The consumer, battered by the psychological scars of the COVID-19 pandemic, as well as a slump in the real estate market, lies at the heart of the economic outlook for China. Households have seen the value of their savings slide since a housing bubble burst in 2022. In turn, shoppers have been more circumspect when splashing the cash.
When Japanification becomes Chinafication
In addition to weaker consumer confidence and a troubled housing sector, debt levels are on the rise and inflation levels remain stubbornly low.
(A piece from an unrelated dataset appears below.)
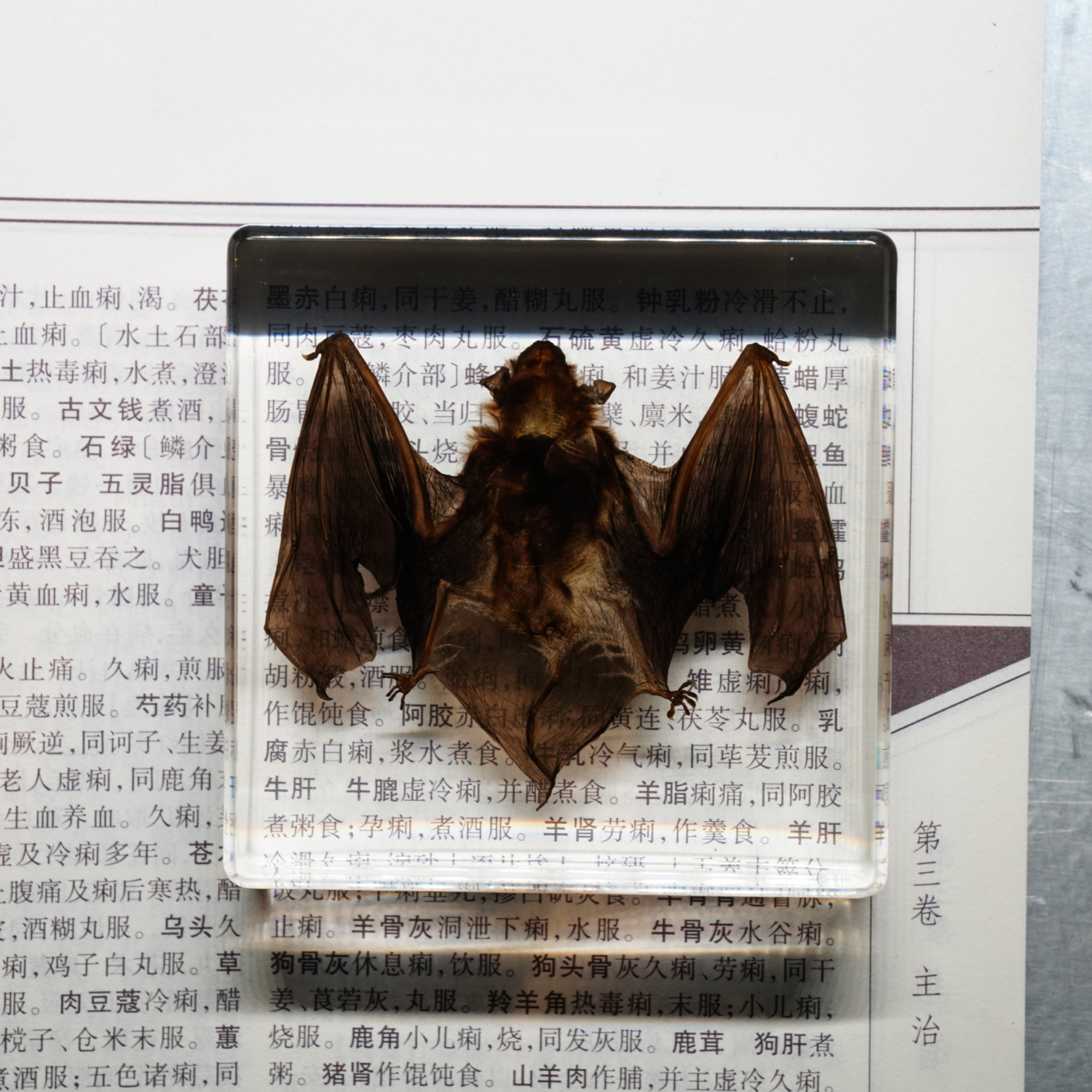 Bat Paperweight (1)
Sound familiar?
For those of a certain age, Japanification is a term to fear. But, since troubles in the property market started bubbling up in 2022, the term has been increasingly applied to China. It is easy to see why, when examining the similarities between its economy of today, and the Japanese one of the 1990s, in the wake of a deflating property bubble.
So, just how similar are the two Asian economic giants? Applying Japanese economist Takatoshi Ito’s measure for the extent of Japanification evident in an economy, the answer is quite similar.
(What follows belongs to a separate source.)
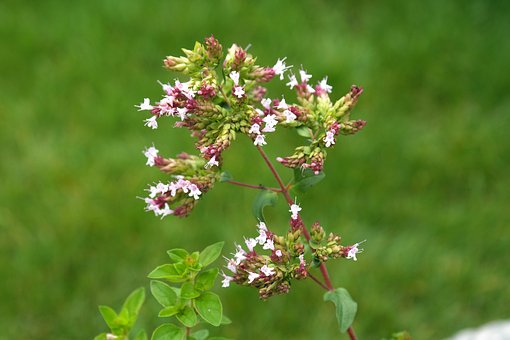 Oregano: white umbels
Learning from Japan’s experience
From the bursting of a real estate bubble, consumers weighed down by debt and deflationary risks, there are clear similarities between the China of now and the Japan of the 1990s. However, look again, and there are also differences.
In dealing with China’s situation, the authorities can draw on the Japanese playbook, seeing how long the healing process can take if some tough actions are delayed, and understanding what extreme measures could be needed.
However, China’s population is ageing more quickly than was the case for Japan three decades ago. The number of people aged over 65, is expected to surge from 12% of the total in 2020 to 20% by 2032, according to United Nations’ estimates1. Furthermore, property constitutes double the share of household wealth than it did for Japan, so squeezing household budgets more strongly.
The Chinese authorities showed in October that they are very much aware of the potential costs of doing too little, too late. They highlighted that a counter-cyclical package of measures was being considered or actioned. These included recapitalising large Chinese banks, cash handouts to consumers and interventions in the real estate market. In another move designed to tackle the country’s long-term debt sustainability, an austerity drive was invoked for public servants.
Still a land of plenty investment opportunities
The return of Donald Trump to the world stage, and the uncertainty over how much his apparent penchant for trade tariffs turns into policy, could hit global growth prospects. Add in a mushrooming number of retirees and the Chinese government is under pressure to act. Demographics, in particular, cap the country’s economic growth prospects, perhaps to a figure no higher than 5%.
However, the stimulus measures and a re-orientation of the nation’s industries should create ample scope to increase exposure to China. It is the leading producer in several high-tech sectors, something that will be very hard to wrestle from it, for all the potential for an intensified trade war with the US.